Task details:
Every entry should be repeated exactly. Omit the pictures.

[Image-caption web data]
______

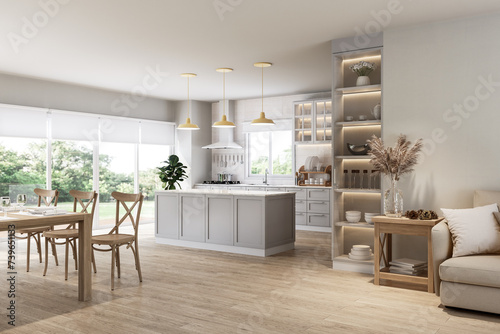 Modern luxury vintage style living and dining room overlooking kitchen and nature view 3d render  There are wooden floor  decorated with wooden furniture  large window natural light into the room
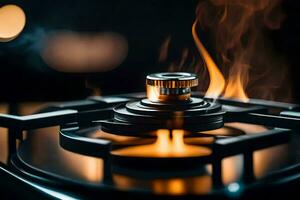 a close up of a gas stove with flames. AI-Generated photo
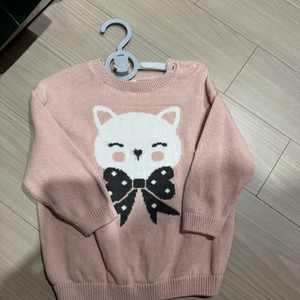 H&M 핑크색 고양이 아기 니트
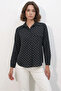 Women's Oversize Single Pocket Polka Dot Black Shirt
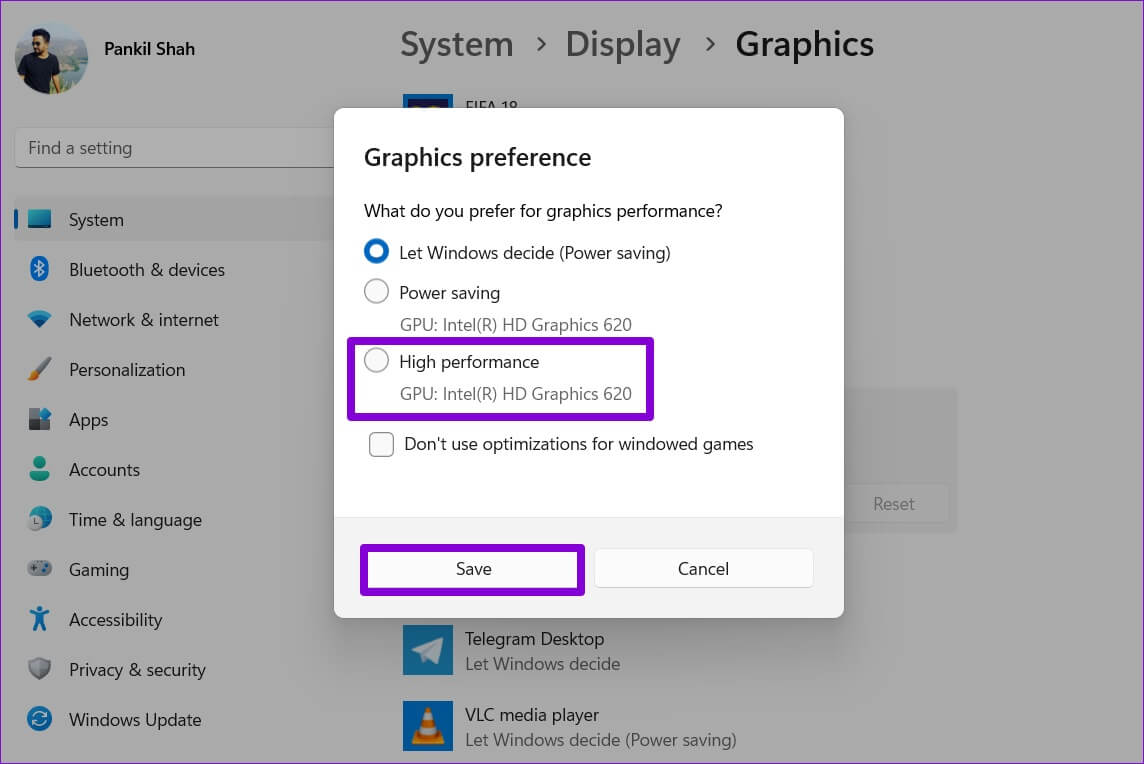 Set-Graphics-Settings-for-App-1144x764 أفضل 6 طرق لإصلاح مشكلة الشاشة الضبابية على Windows 11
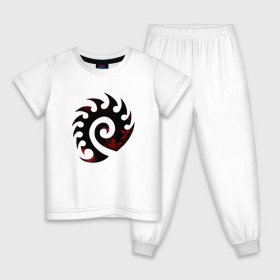 Детская пижама хлопок с принтом StarCraft - Zerg Logo (Blood) в Кировске, 100% хлопок |  брюки и футболка прямого кроя, без карманов, на брюках мягкая резинка на поясе и по низу штанин
 | 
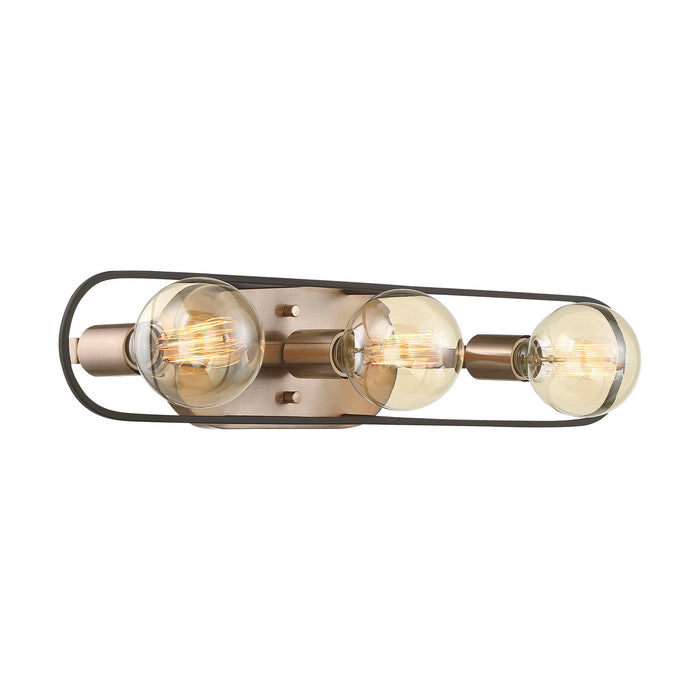 Nuvo Lighting 60-6653 Three Light Vanity, Copper Brushed Brass / Matte Black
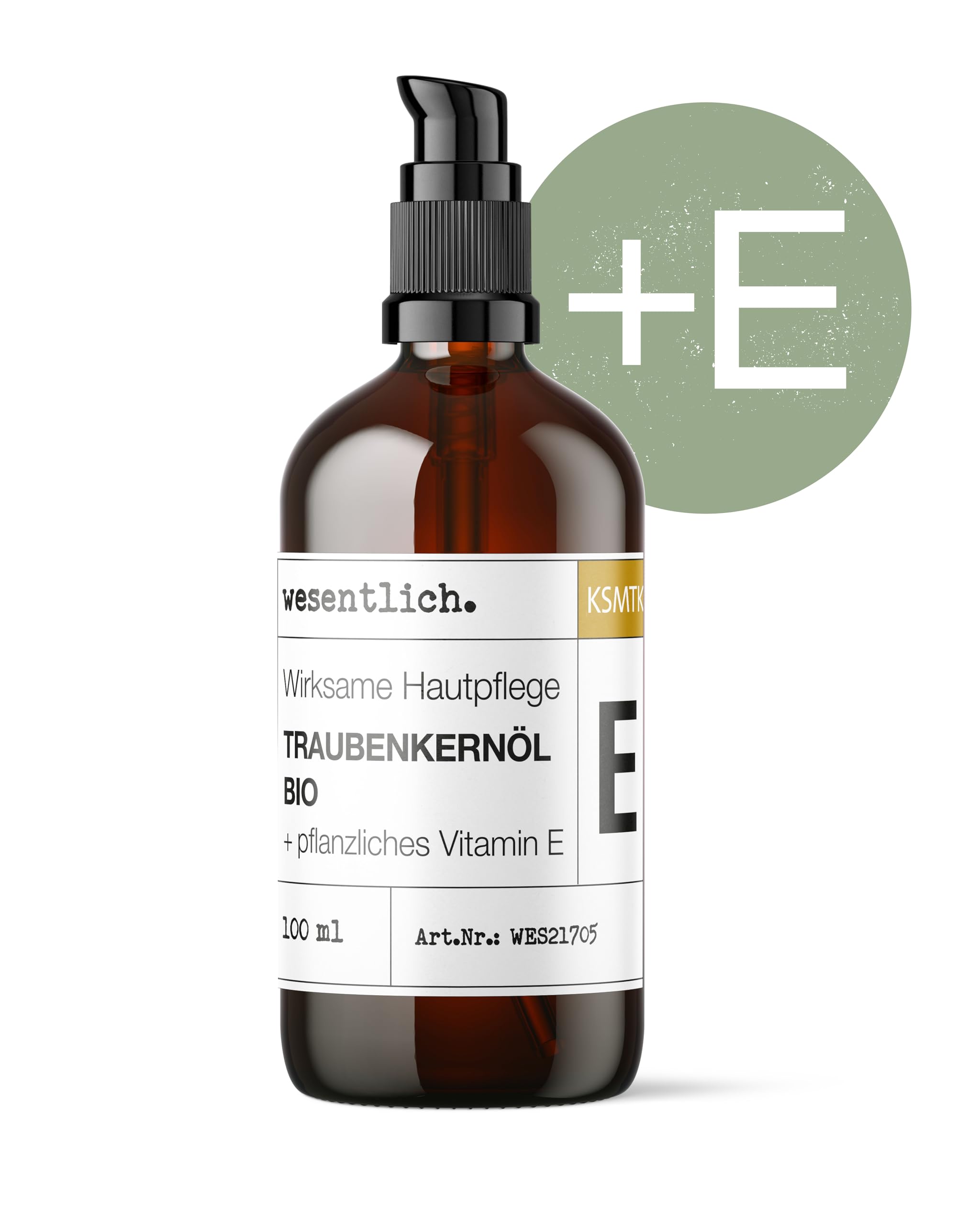 wesentlich. Organic Grape Seed Oil + Vitamin E (100 ml) - 100% Natural - with Dispenser, 100 ml (Pack of 1) - Image 2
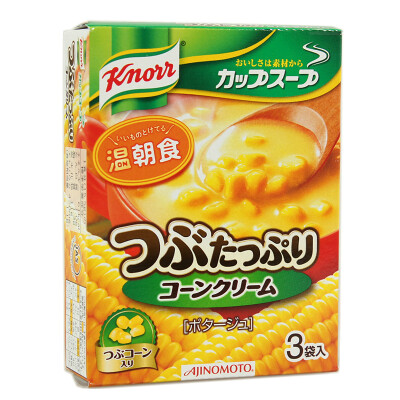 日本味之素knorr家乐 超甜玉米奶油浓汤速食汤羹3袋46.5g早餐浓汤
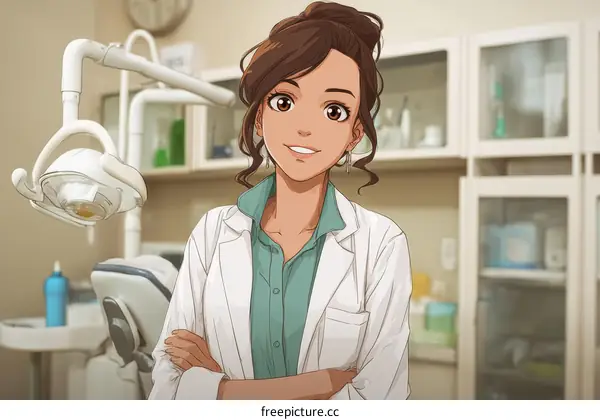 Smiling Female Doctor in a Dentist Office Illustration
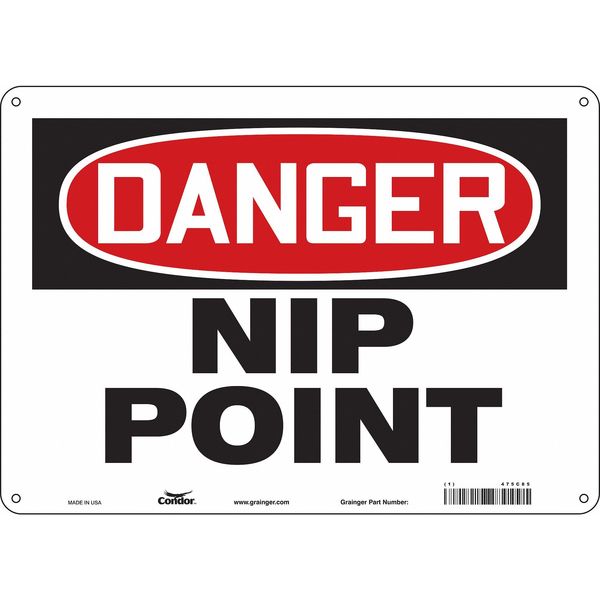 Safety Sign, 10 in Height, 14 in Width, Polyethylene, Horizontal Rectangle, English, 475C85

______

Answer to the exercise:
 Modern luxury vintage style living and dining room overlooking kitchen and nature view 3d render  There are wooden floor  decorated with wooden furniture  large window natural light into the room
 a close up of a gas stove with flames. AI-Generated photo
 H&M 핑크색 고양이 아기 니트
 Women's Oversize Single Pocket Polka Dot Black Shirt
 Set-Graphics-Settings-for-App-1144x764 أفضل 6 طرق لإصلاح مشكلة الشاشة الضبابية على Windows 11
 Детская пижама хлопок с принтом StarCraft - Zerg Logo (Blood) в Кировске, 100% хлопок |  брюки и футболка прямого кроя, без карманов, на брюках мягкая резинка на поясе и по низу штанин
 | 
 Nuvo Lighting 60-6653 Three Light Vanity, Copper Brushed Brass / Matte Black
 wesentlich. Organic Grape Seed Oil + Vitamin E (100 ml) - 100% Natural - with Dispenser, 100 ml (Pack of 1) - Image 2
 日本味之素knorr家乐 超甜玉米奶油浓汤速食汤羹3袋46.5g早餐浓汤
 Smiling Female Doctor in a Dentist Office Illustration
 Safety Sign, 10 in Height, 14 in Width, Polyethylene, Horizontal Rectangle, English, 475C85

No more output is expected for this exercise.